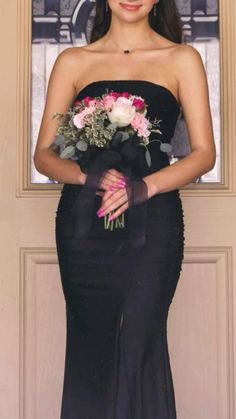 Black Hoco Dresses, Prom Bouquet, Black Bouquet, Black Flower Dress, Flower Prom Dress, Prom Dress Inspo, 2023 Prom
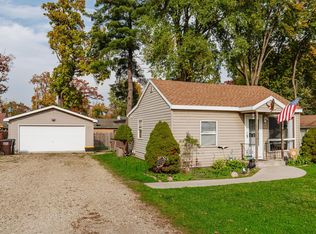 W1060 Golden Glow ROAD, Genoa City, WI 53128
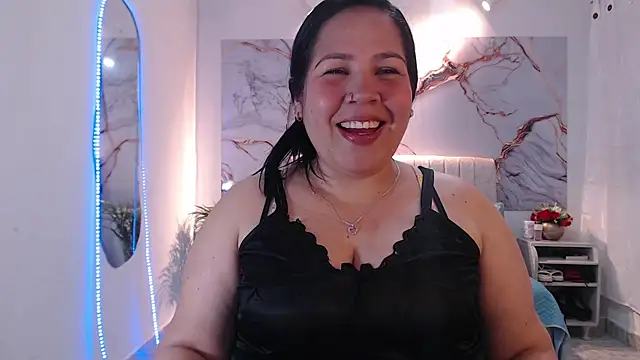 Snapshot of Ashley_Grahaam chatting on October 9, 2:42 am Ashley Grahaam online show from October 9, 2:42 am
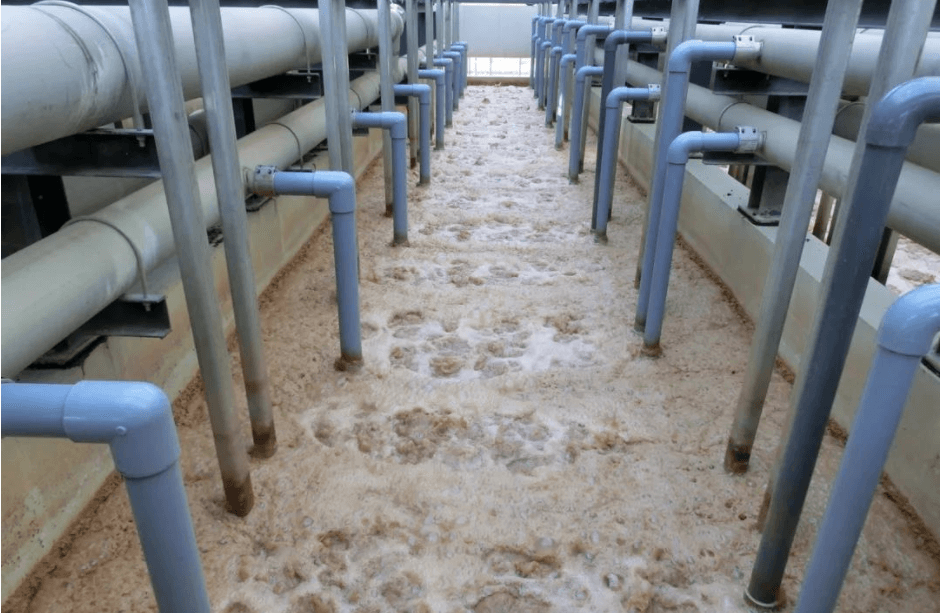 (圖:污水池mbr膜池泡沫)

Work order »
Set the preceding data down again word for word, omitting images.

Solution to this exercise »
 Black Hoco Dresses, Prom Bouquet, Black Bouquet, Black Flower Dress, Flower Prom Dress, Prom Dress Inspo, 2023 Prom
 W1060 Golden Glow ROAD, Genoa City, WI 53128
 Snapshot of Ashley_Grahaam chatting on October 9, 2:42 am Ashley Grahaam online show from October 9, 2:42 am
 (圖:污水池mbr膜池泡沫)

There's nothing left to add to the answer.